Mass Hysteria or Toxic Exposure?

August 18th, 2009 | Sources: NY Times

Tian Lihua had just clocked in for work at a textile mill outside Jilin when she became nauseated, then dizzy. Moments later she passed out. In the next few days 1,200 of her co-workers developed medical issues ranging from seizures to shortness of breath and transient paralysis.

spoiledrotten“When I came to, I could hear the doctors talking,” she told the New York Times last month. “They said I had a reaction to unknown substances.”

Tian and her colleagues believe those “unknown substances” had wafted downwind from the Jilin Connell Chemical Plant which makes aniline, a notoriously toxic chemical used to produce rubber, dyes,  polyurethane and herbicides.

Local hospitals began seeing befallen workers immediately after the plant opened this spring.
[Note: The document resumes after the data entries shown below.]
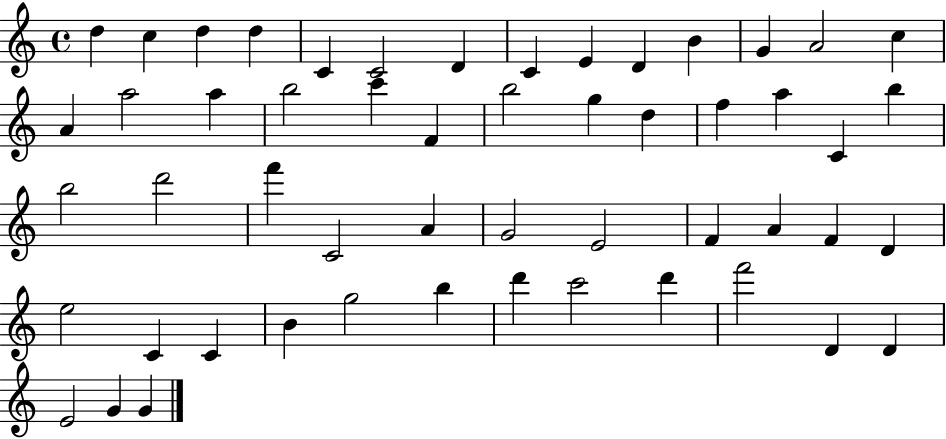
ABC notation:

X:1
T:Untitled
M:4/4
L:1/4
K:C
d c d d C C2 D C E D B G A2 c A a2 a b2 c' F b2 g d f a C b b2 d'2 f' C2 A G2 E2 F A F D e2 C C B g2 b d' c'2 d' f'2 D D E2 G G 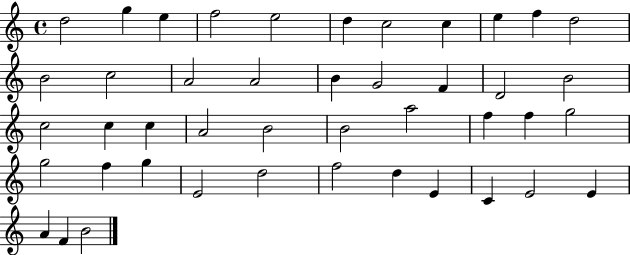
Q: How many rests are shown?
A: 0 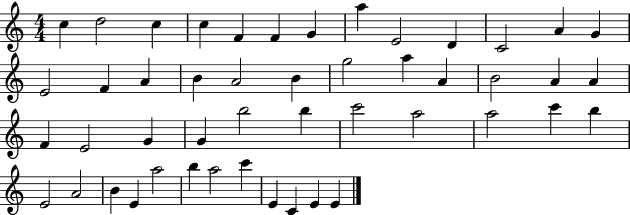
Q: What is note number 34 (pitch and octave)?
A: A5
On a bad day, so many workers showed up that the hospital was forced to put 2 in each bed.

The State Administration of Work Safety initially stated on its Web site that the cause was a “chemical leak,” but hours later the statement was pulled down.

Now, local health officials as well as those dispatched from Beijing contend the entire event is due to mass hysteria….psychological reactions on a massive scale to a presumed chemical exposure.

The officials have admonished the workers to “get a hold of their emotions” and get back to work, say afflicted individuals and their loved ones.

 “How could a psychological illness cause so much pain and misery?” asked 29 year-old Zhang Fusheng, who appeared to a Times reporter to be short of breath despite being hooked up to an oxygen mask. “My only wish is to get better so I can go back to work and take care of my family.”

The Ministry of Health in Beijing refused to release details of its investigation, but local officials insist they found no evidence of a toxic exposure.

The plant is partially owned by local government officials. Its president is Song Zhiping, who is also a representative to China’s legislative body, the National People’s Congress.